▽

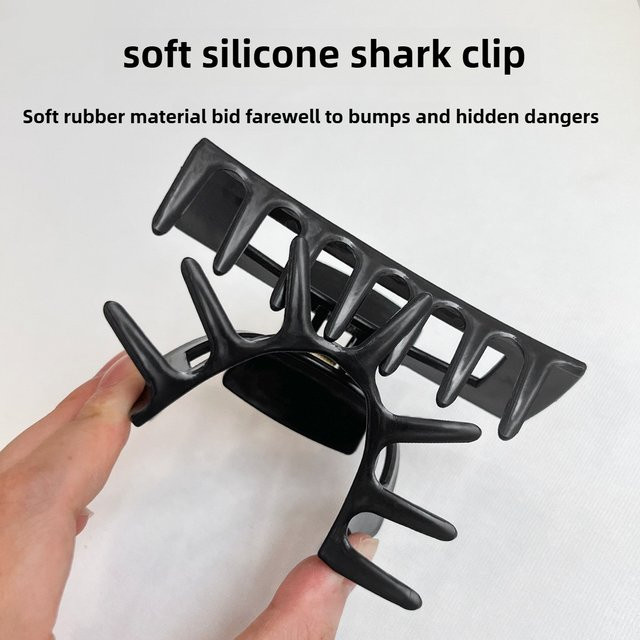 FENGCHE Silikon Shark Clip Haarnadel, Unisex - Bild 1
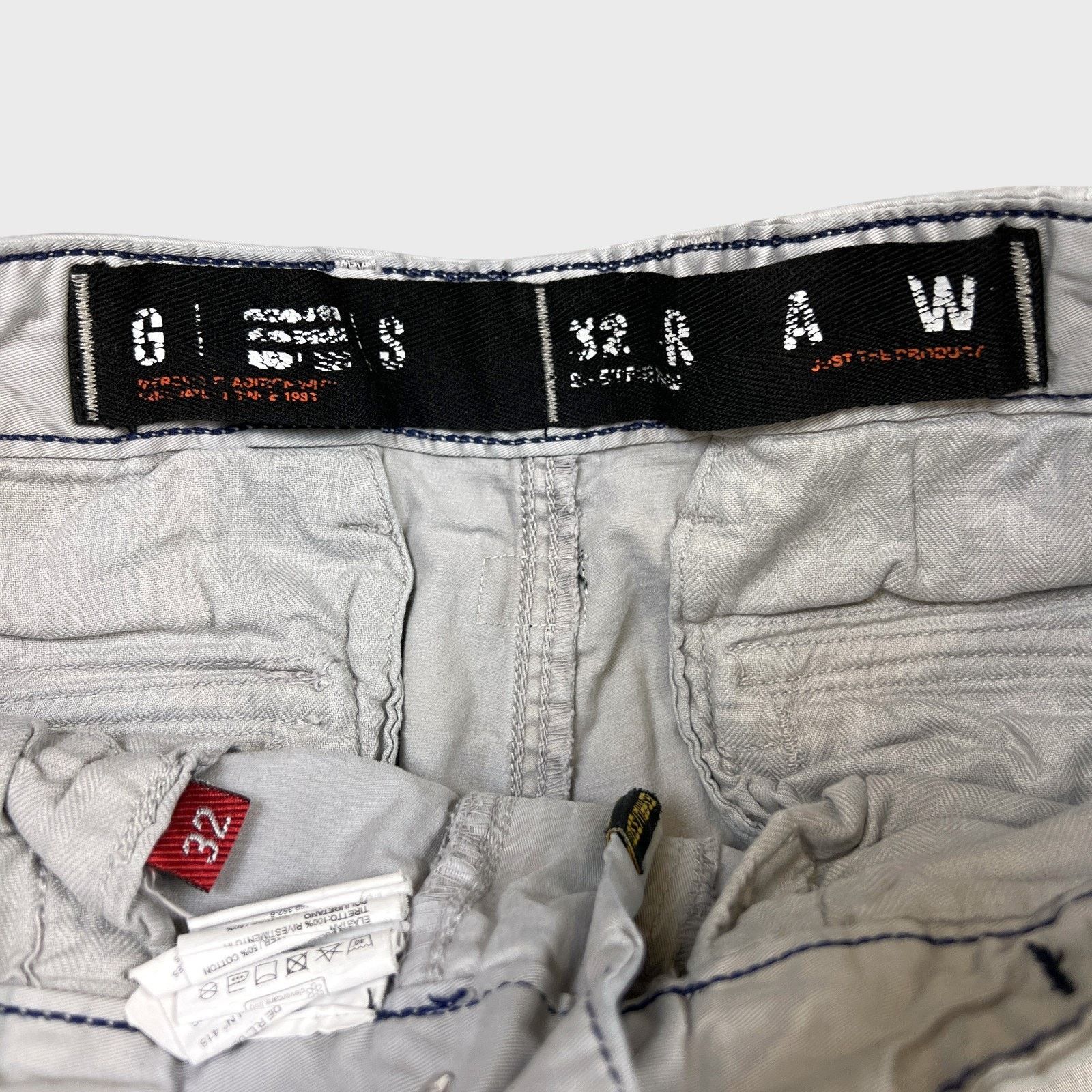 G-Star G Star Raw 3301 Pants 32x27 Straight Utility Cargo Trousers Size US 32 / EU 48 - 10 Thumbnail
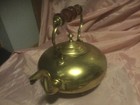 VTG Brass Teapot Amber Glass Handle KettleJCB Best Hammered Birmingham,England — photo 5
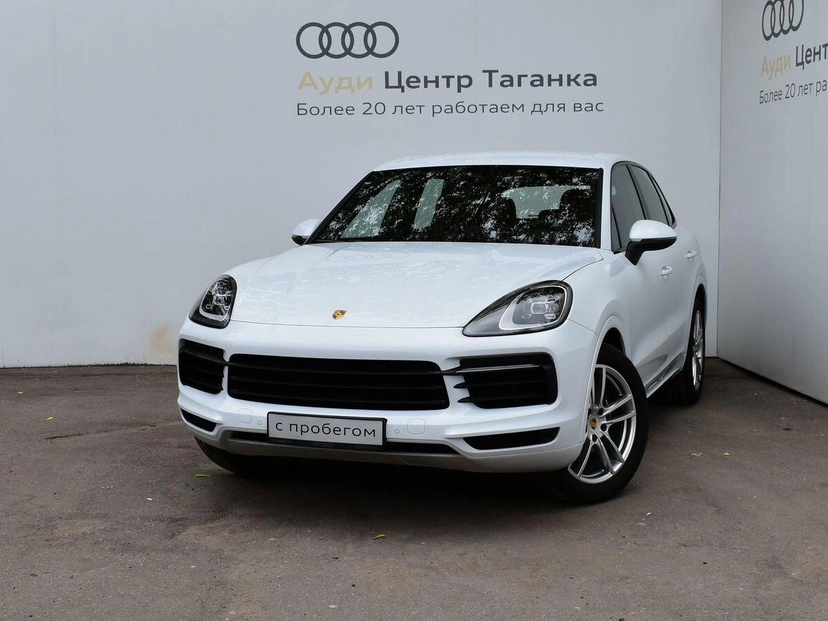 Автомобиль Porsche Cayenne III поколение 3.0 AT 4WD (340 л.с.) Platinum Edition Белый 2022 с пробегом 3 802 км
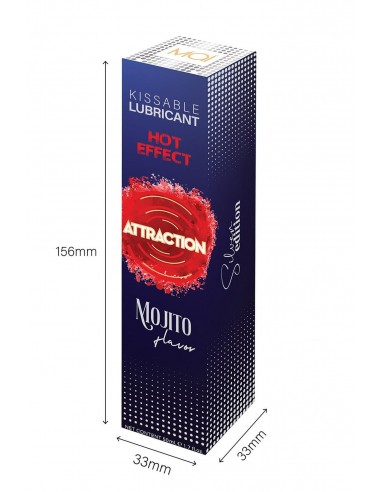 LUBRICANT ATTRACTION HEAT MOJITO 50 ML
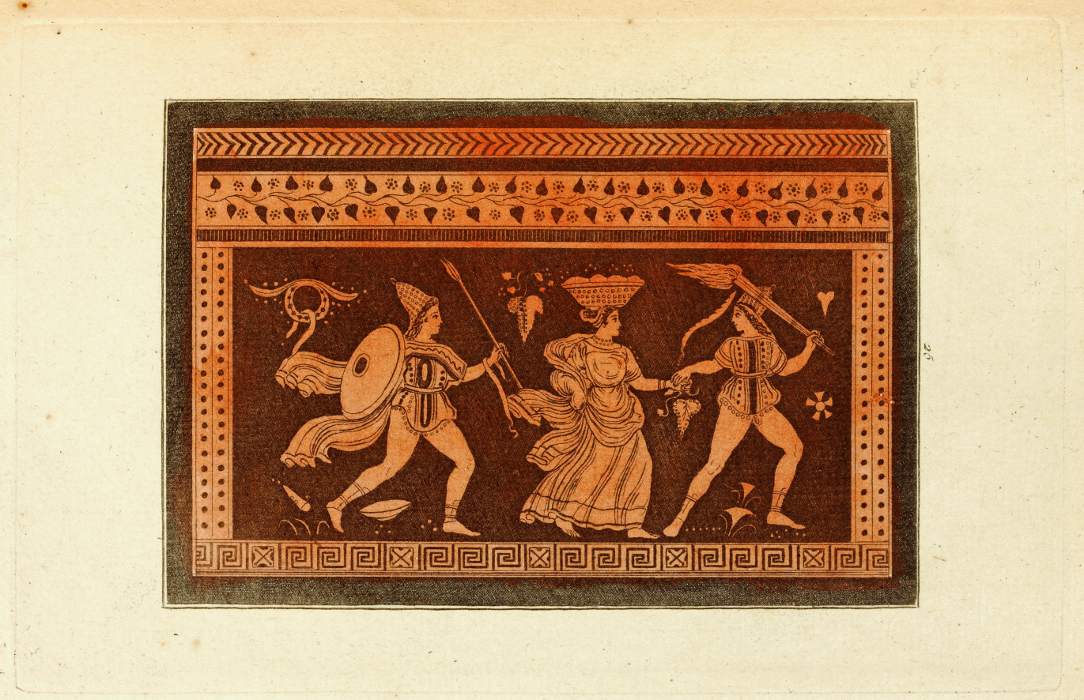 Antiquités étrusques, grecques et romaines. Gravées par F. A. David. Avec leurs explications par D’Hancarville.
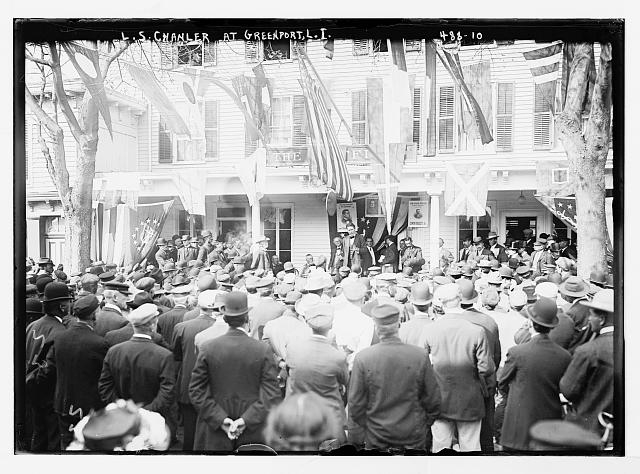 L.S. Chandler, speaking at Greenport, L.I.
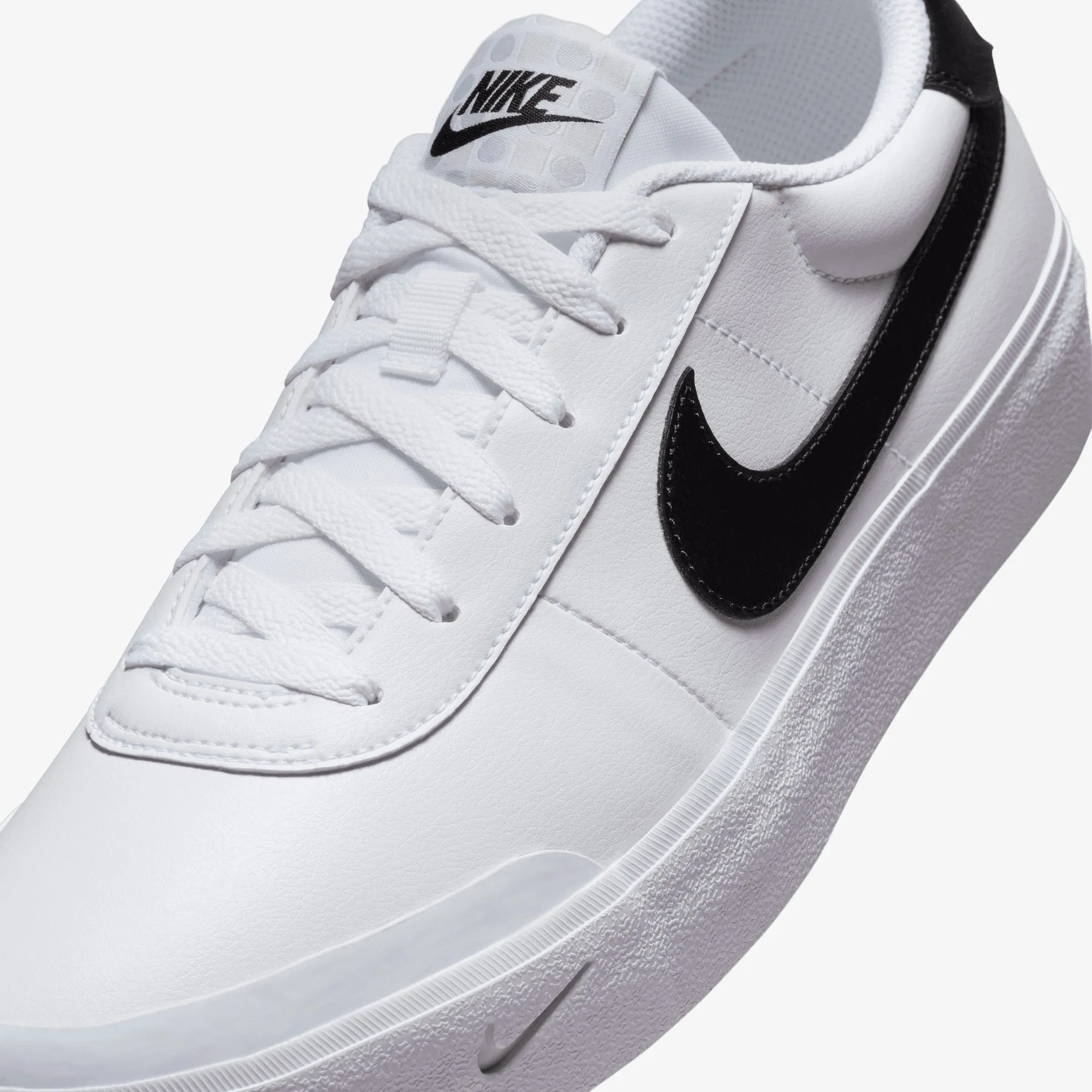 Nike | COURT SHOT { WHITE/BLACK Compression Molded EVA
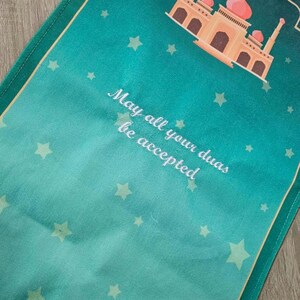 Personalised Kids Prayer Mat – Mini Muslim Sajada for Children | Ramadan Eid Gift | Islamic Prayer Rug Boys Girls | Musallah Janamaz image 7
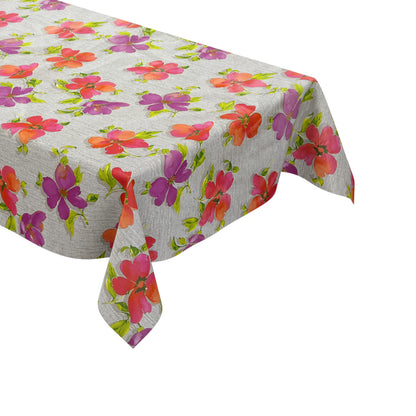 Wachstuch Tischdecke bunte Blüten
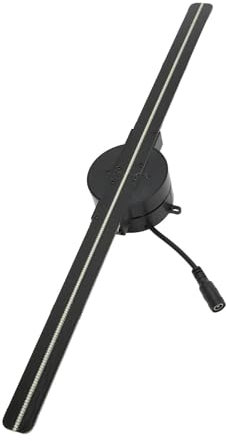 SAFAWOODES Proyector 3D de 16,5 Pulgadas y 2000 x 224 con 224 LED para Publicidad en Tiendas y Negocios.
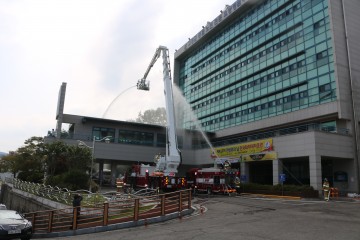 고흥119안전센터, 민방위의 날 전국화재 대피훈련 실시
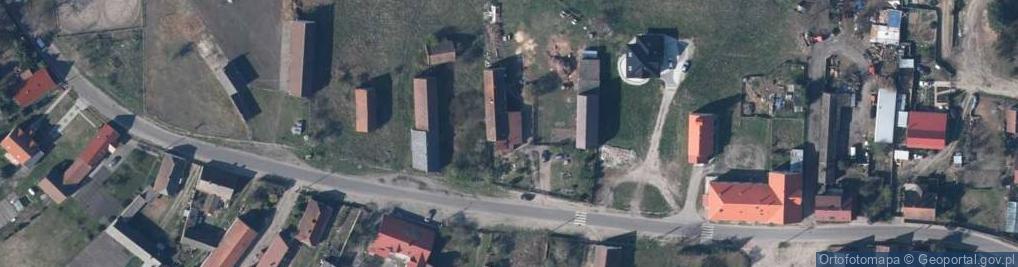 Zdjęcie satelitarne Bronków ul.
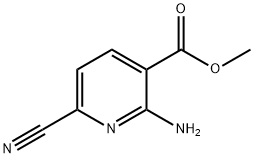 3-Pyridinecarboxylic acid, 2-amino-6-cyano-, methyl ester Structure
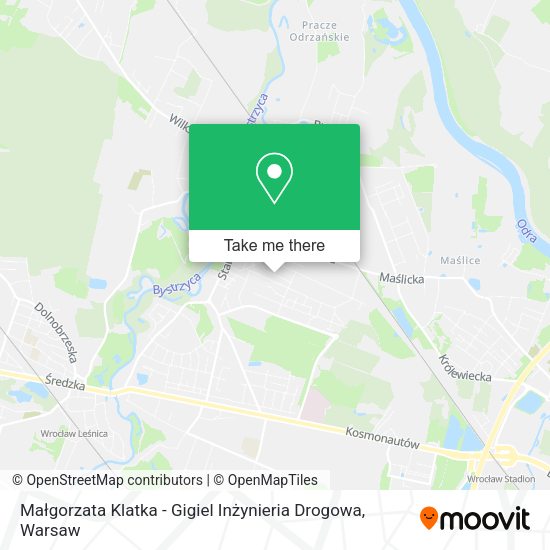 Małgorzata Klatka - Gigiel Inżynieria Drogowa map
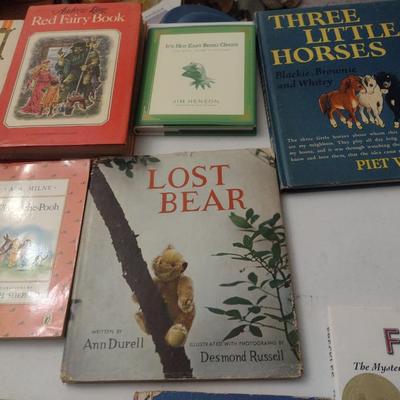 Large Assortment of Vintage Children's Books Various Titles and Condition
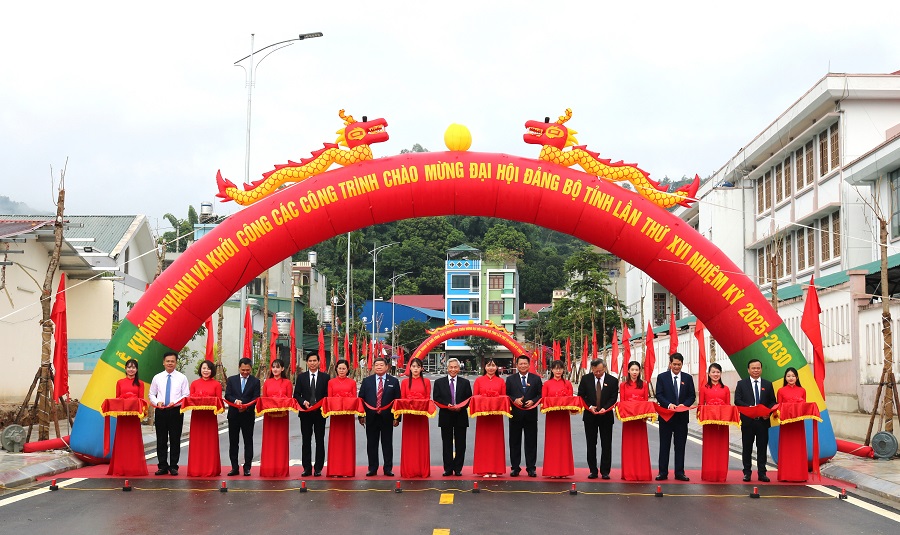 Sơn La khởi công, khánh thành loạt công trình với tổng vốn hơn 150 tỷ đồng - Ảnh 1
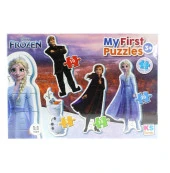 KS Baby Puzzle Frozen My First Puzzle 4 in 1 Çerçevesiz - 1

△

Assignment:
What you return must match the lines from the top of the data through the line with "SAFAWOODES Proyector 3D" exactly, with the pictures removed.

Final answer:
 FENGCHE Silikon Shark Clip Haarnadel, Unisex - Bild 1
 G-Star G Star Raw 3301 Pants 32x27 Straight Utility Cargo Trousers Size US 32 / EU 48 - 10 Thumbnail
 VTG Brass Teapot Amber Glass Handle KettleJCB Best Hammered Birmingham,England — photo 5
 Автомобиль Porsche Cayenne III поколение 3.0 AT 4WD (340 л.с.) Platinum Edition Белый 2022 с пробегом 3 802 км
 LUBRICANT ATTRACTION HEAT MOJITO 50 ML
 Antiquités étrusques, grecques et romaines. Gravées par F. A. David. Avec leurs explications par D’Hancarville.
 L.S. Chandler, speaking at Greenport, L.I.
 Nike | COURT SHOT { WHITE/BLACK Compression Molded EVA
 Personalised Kids Prayer Mat – Mini Muslim Sajada for Children | Ramadan Eid Gift | Islamic Prayer Rug Boys Girls | Musallah Janamaz image 7
 Wachstuch Tischdecke bunte Blüten
 SAFAWOODES Proyector 3D de 16,5 Pulgadas y 2000 x 224 con 224 LED para Publicidad en Tiendas y Negocios.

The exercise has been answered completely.